_Exercise input:_

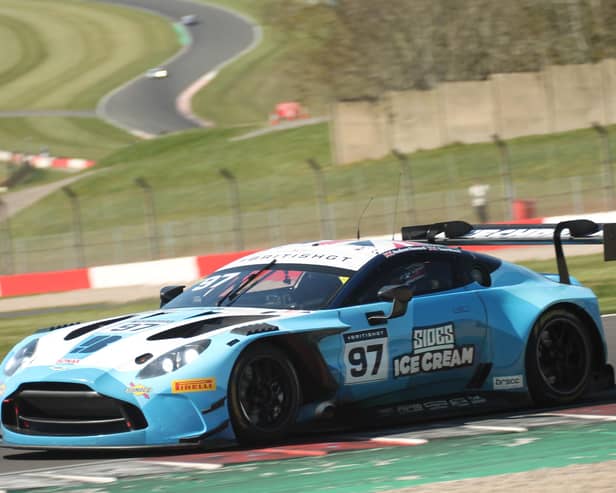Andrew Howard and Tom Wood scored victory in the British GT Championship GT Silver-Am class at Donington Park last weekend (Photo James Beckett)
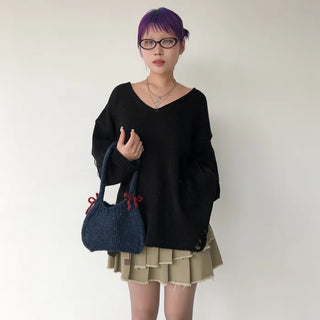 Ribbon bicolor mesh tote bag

--

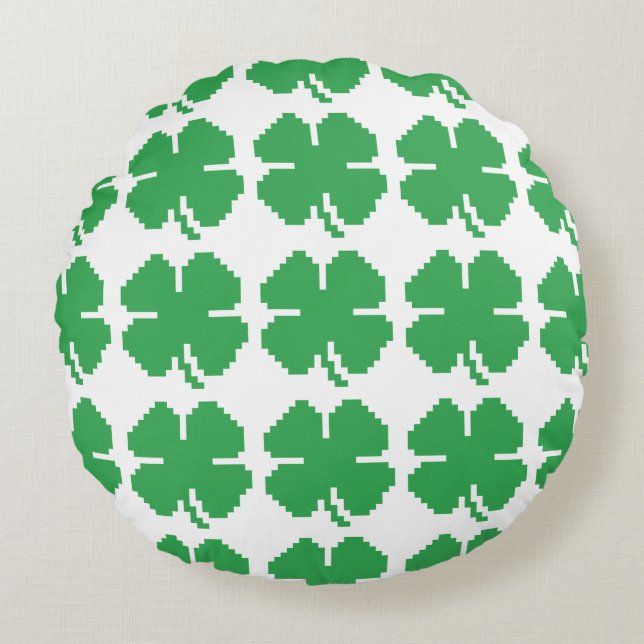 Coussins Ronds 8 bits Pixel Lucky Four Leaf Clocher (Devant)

_Task requirements:_
In the data above, find the line with "Andrew Howard and" and the line with "Ribbon bicolor mesh tote bag". Please copy exactly those two lines and every line between them, but not the pictures.

_Your solution:_
Andrew Howard and Tom Wood scored victory in the British GT Championship GT Silver-Am class at Donington Park last weekend (Photo James Beckett)
 Ribbon bicolor mesh tote bag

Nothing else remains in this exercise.